• _WHAT YOU WILL DO_: Exactly as written, copy every line from the one containing "Odia Dj Song" through the end of the records, with the pictures left out.

--- START ---

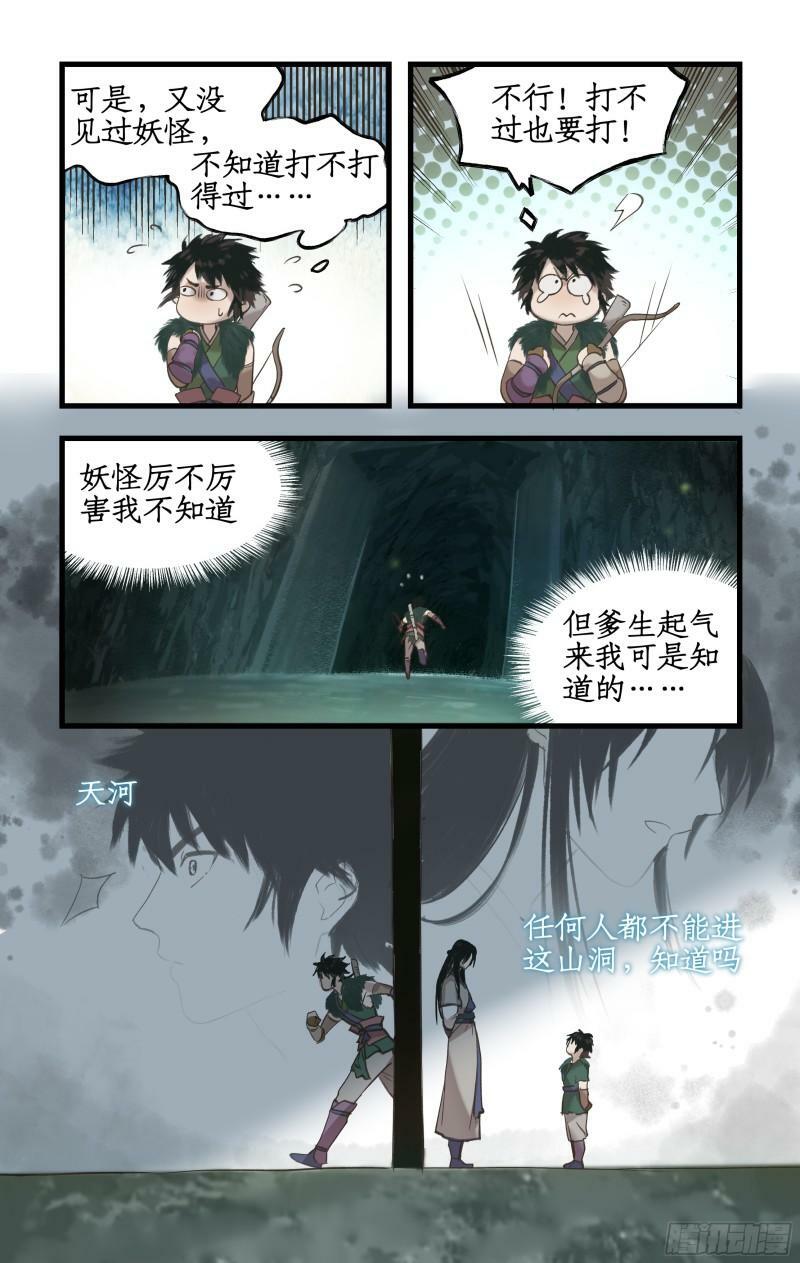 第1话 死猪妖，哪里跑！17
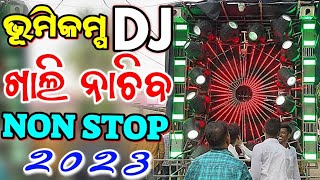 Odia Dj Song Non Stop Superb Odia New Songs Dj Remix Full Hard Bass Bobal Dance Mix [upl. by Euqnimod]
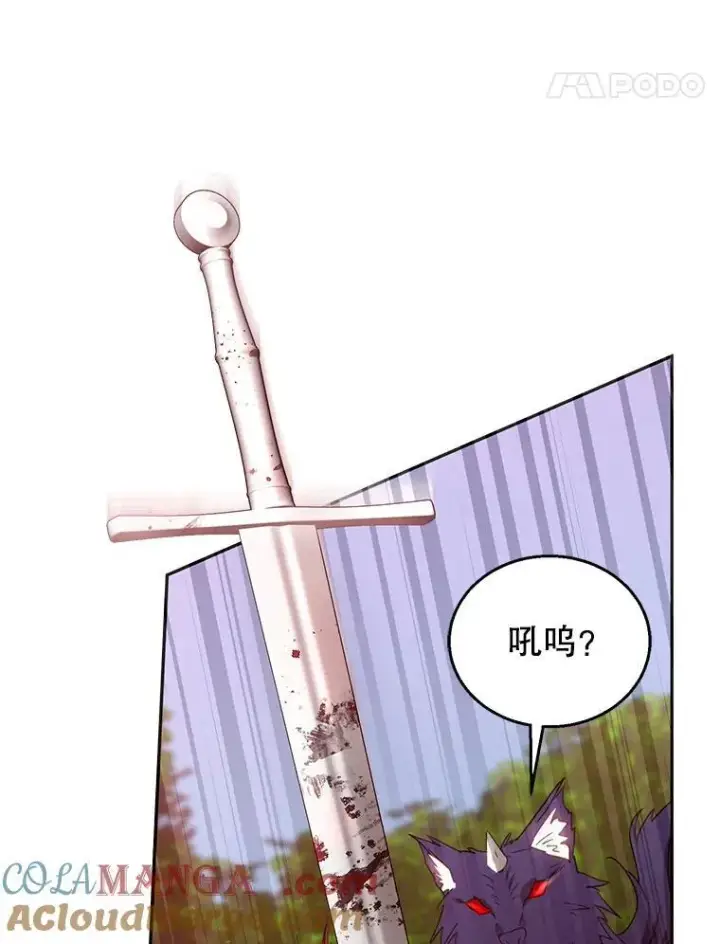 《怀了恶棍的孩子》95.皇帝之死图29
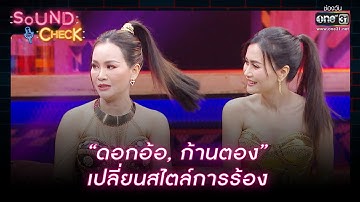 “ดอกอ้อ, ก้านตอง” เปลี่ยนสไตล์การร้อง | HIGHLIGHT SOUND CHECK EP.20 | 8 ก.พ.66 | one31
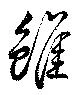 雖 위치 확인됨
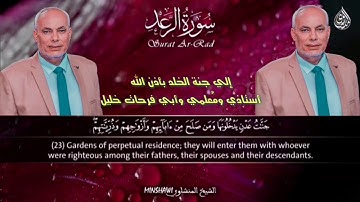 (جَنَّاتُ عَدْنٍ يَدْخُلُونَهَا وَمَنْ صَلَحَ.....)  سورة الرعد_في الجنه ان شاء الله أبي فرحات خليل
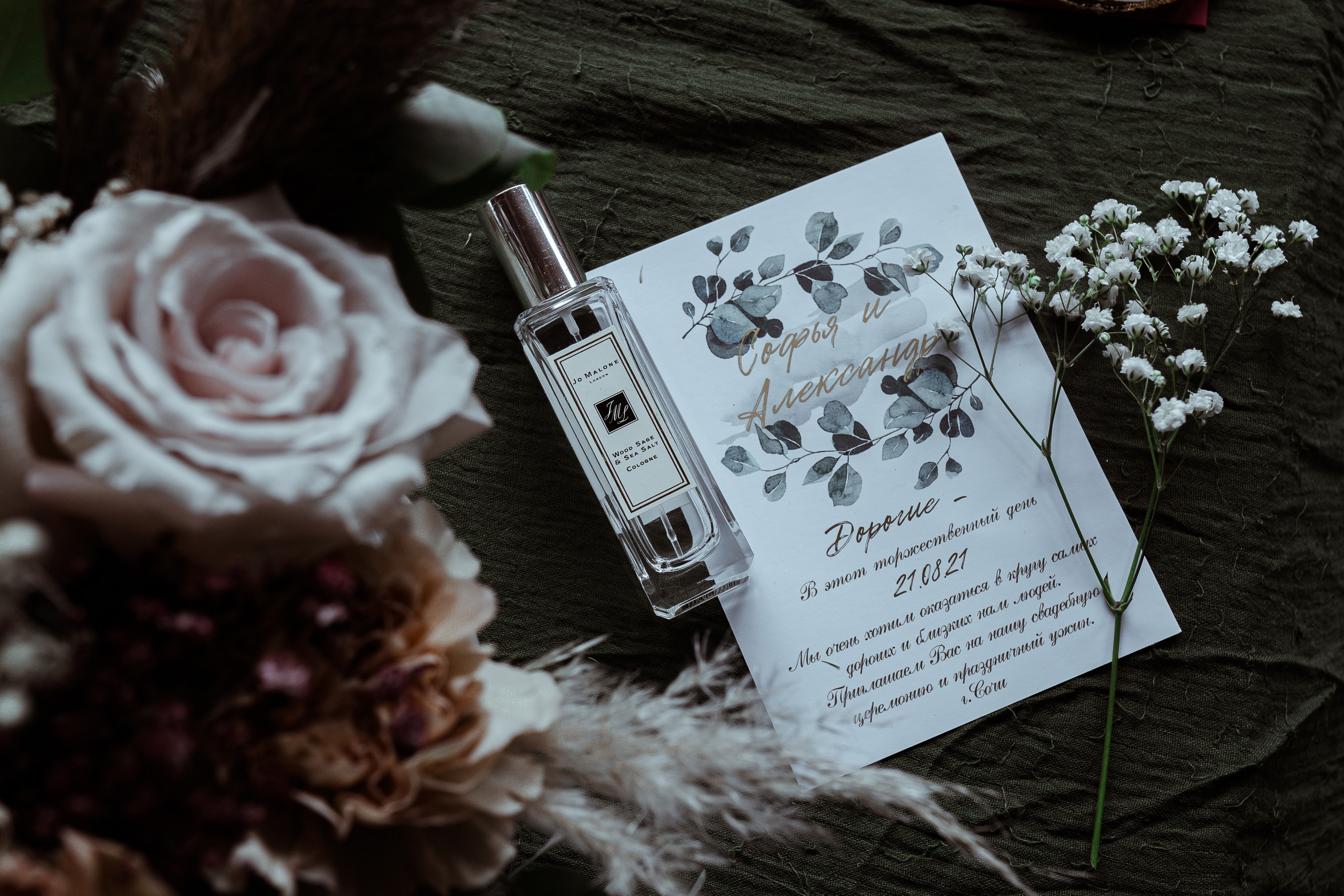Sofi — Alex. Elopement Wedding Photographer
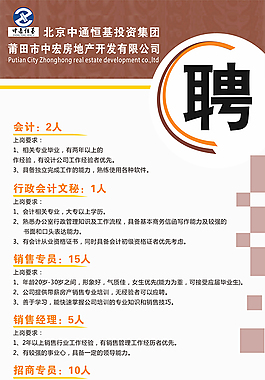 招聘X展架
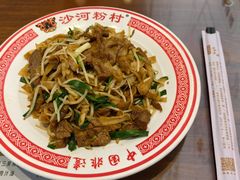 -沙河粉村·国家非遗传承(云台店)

--- END ---

• _SOLVED EXERCISE_:
 Odia Dj Song Non Stop Superb Odia New Songs Dj Remix Full Hard Bass Bobal Dance Mix [upl. by Euqnimod]
 《怀了恶棍的孩子》95.皇帝之死图29
 “ดอกอ้อ, ก้านตอง” เปลี่ยนสไตล์การร้อง | HIGHLIGHT SOUND CHECK EP.20 | 8 ก.พ.66 | one31
 雖 위치 확인됨
 (جَنَّاتُ عَدْنٍ يَدْخُلُونَهَا وَمَنْ صَلَحَ.....)  سورة الرعد_في الجنه ان شاء الله أبي فرحات خليل
Sofi — Alex. Elopement Wedding Photographer
 招聘X展架
 -沙河粉村·国家非遗传承(云台店)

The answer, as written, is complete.